I've been trying to understand the origin of the Logistic function in Logistic regression: $$\Pr(Y=1|x;\theta)=\frac{1}{1+e^{-\theta x}}$$ I was lead to beilive that one could somehow arrive at this purely from the Binomial Distribution and a Maximum Likelihood type argument, but I can't quite see it. Is seems that if one considers the Binomial Distribution as a member of the Exponential Family of distributions the Logit function arises as the "natural parameter", but I'm not quite sure as to the meaning or consequences of this.
To summarize:
- Is the logistic function "optimal" in some mathematical way, or is this just a convenient function? If it is, can one derive it from a Maximal Likelihood formulation?
- How (if at all) is all this connected to the Exponential Family?

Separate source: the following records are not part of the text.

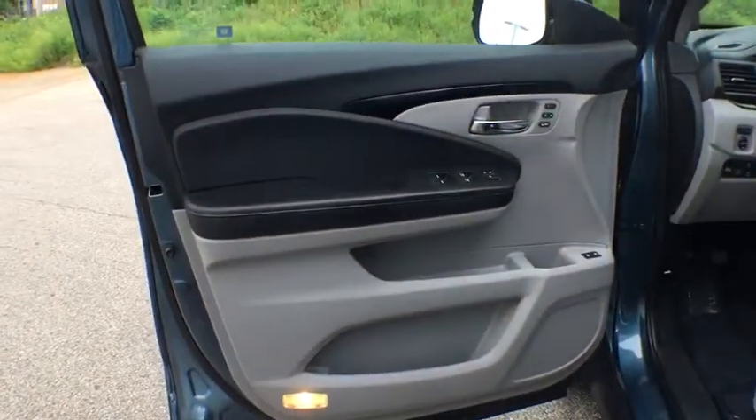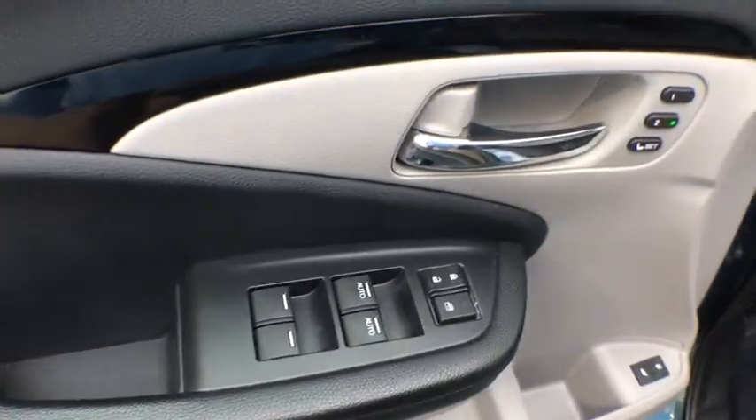Power windows, rear window defroster, electronic stability control, security system, compass, fog lights, child safety locks, trip computer, heated front seats.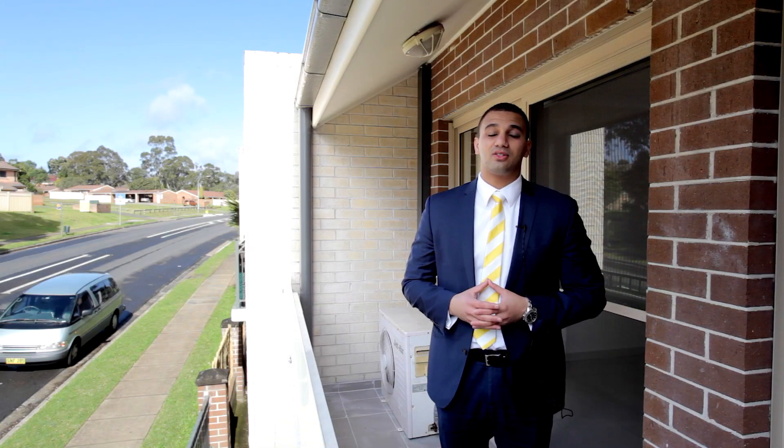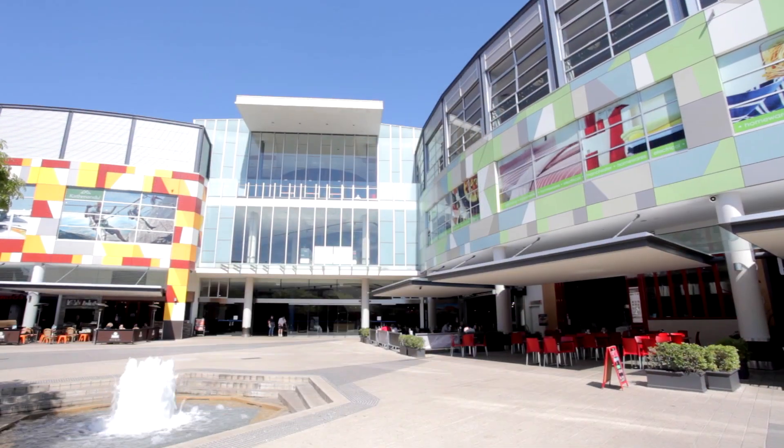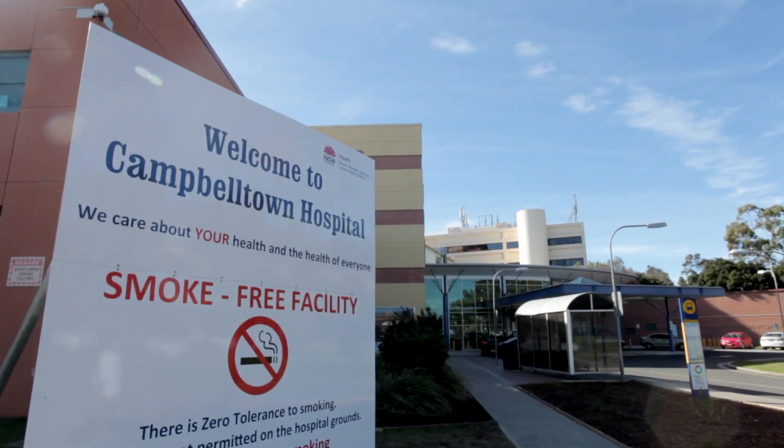You're in walking distance to local schools, MacArthur Square Shopping Centre, train station and Campbelltown Hospital.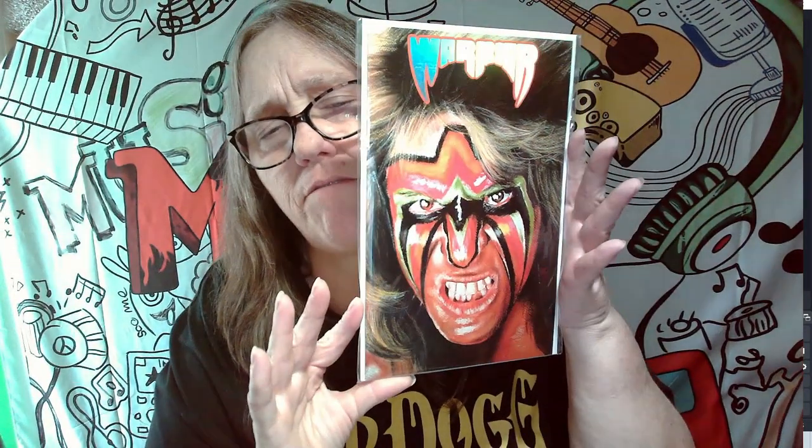This next comic I actually would like to get slabbed and I haven't done it yet. This is number 86 of 125. This is a Warrior Spot foil artwork and this cover is awesome. I got this from Foxy. This is one of my favorite wrestlers and this cover — just wow.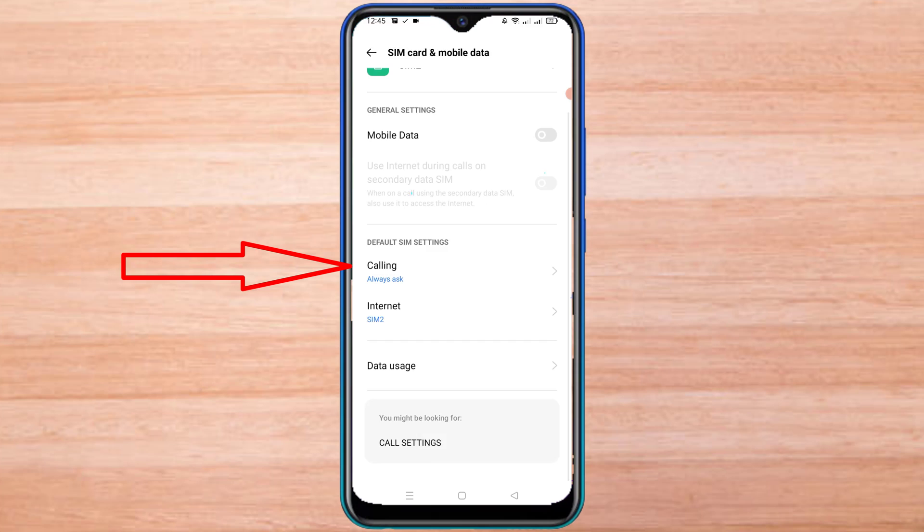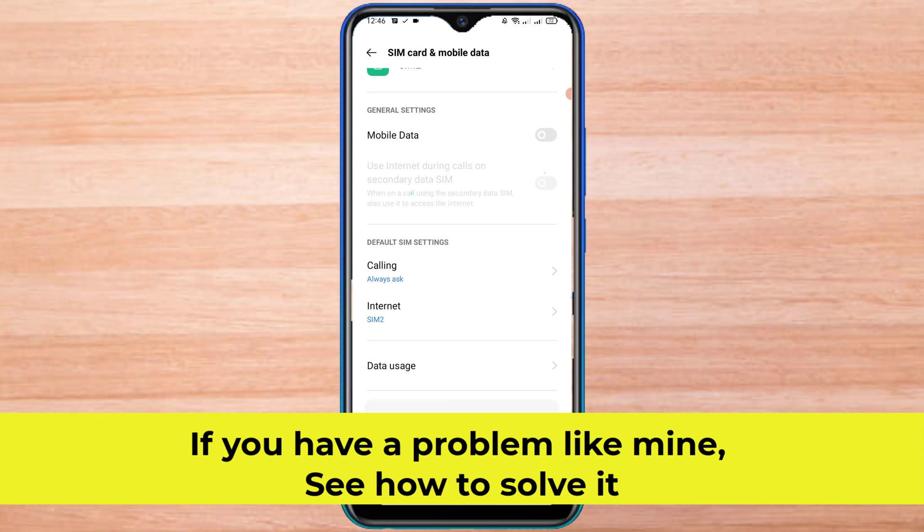I checked the dual call settings, everything is fine here. If you have a problem like mine, see how to solve it.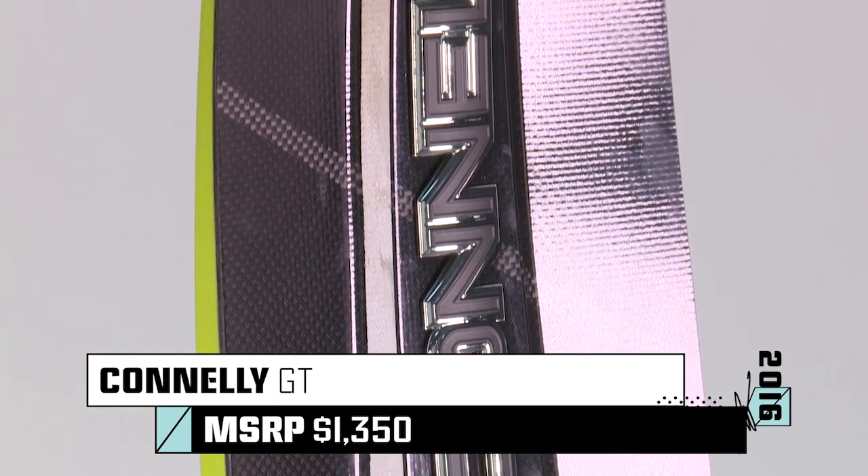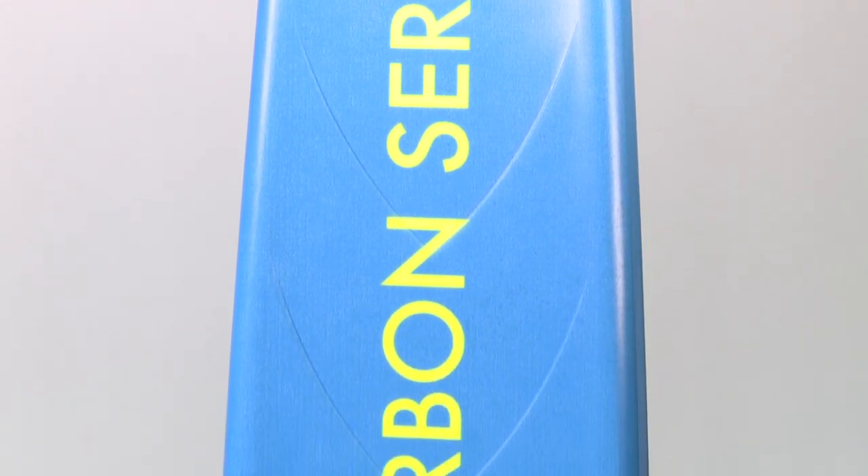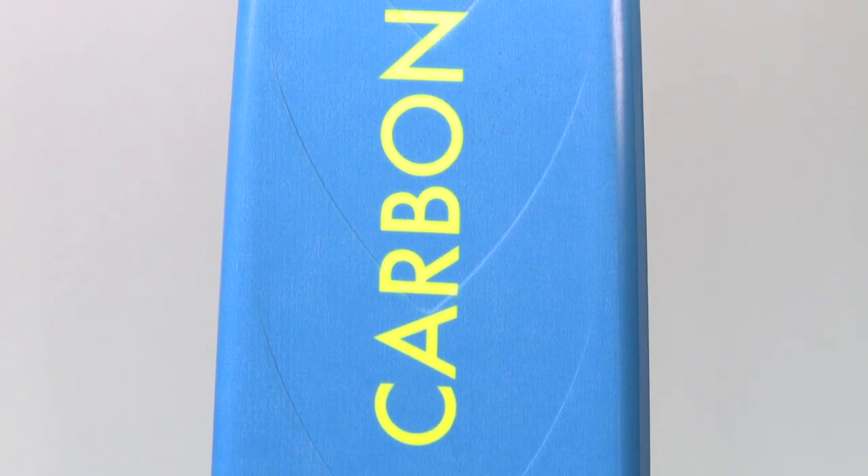Conley has long been known for their high-end consistency from ski to ski, and the GT is no different. Conley's engineers designed the new GT with input from Australian national slalom record holder Joel Halley, who spent countless hours on the water honing the ski's performance to its full potential.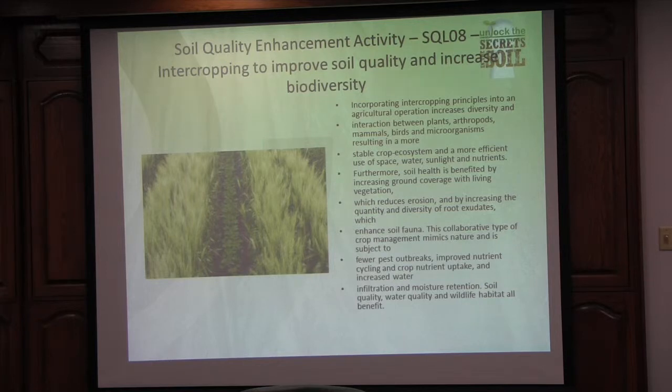Dave Brandt, because he does trial plots out there, has actually started to intercede soybeans in between his corn and is starting to see some very good results. We're feeding our microbes in between the rows, where normally that's when we start losing our numbers.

I've searched around quite a lot, as well as tried to derive this myself, but so far no dice.
Any ideas?
Writing the probability mass function of a bernoulli random variable $X$ with parameter $\pi$ (let's simplify things here) and then introducing the exponential function \begin{eqnarray*} p \left( x ; \pi \right) & = & \pi^x \left( 1 - \pi \right)^{1 - x}\\ & = & \exp \left( x \log \left( \pi \right) + \left( 1 - x \right) \log \left( 1 - \pi \right) \right)\\ & = & \exp \left( x \log \left( \frac{\pi}{1 - \pi} \right) + \log \left( 1 - \pi \right) \right) \end{eqnarray*} From the above, we see that this is in the form of an exponential family with statistic $x$ and parameter $\log \left( \frac{\pi}{1 - \pi} \right)$ (the remaining $\log \left( 1 - \pi \right)$ is just a constant of integration).
It is a natural to write this in canonical form by making the transformation $\theta = \log \left( \frac{\pi}{1 - \pi} \right)$ in order to get something of the form $p \left( x ; \theta \right) = \exp \left( x \theta - c \left( \theta \right) \right)$. This new function is the logit function. If you would like to express the inverse relationship function you obtain the logistic transformation $$ \pi = \frac{1}{1 + \exp \left( - \theta \right)} $$ Regarding you two questions, and as far as I understand the issues: The logistic function rises from the Bernoulli distribution. That is as natural as you can can get. In that framework, the linear form $x \theta$ has the natural decomposition sufficient statistic vs. parameter. That is, taking the distribution of $n$ copies of $X$, the mean is a sufficient statistic for estimating $\theta$ and you do not need to go beyond that for the maximum likelihood estimator. I think this is the link you were looking for.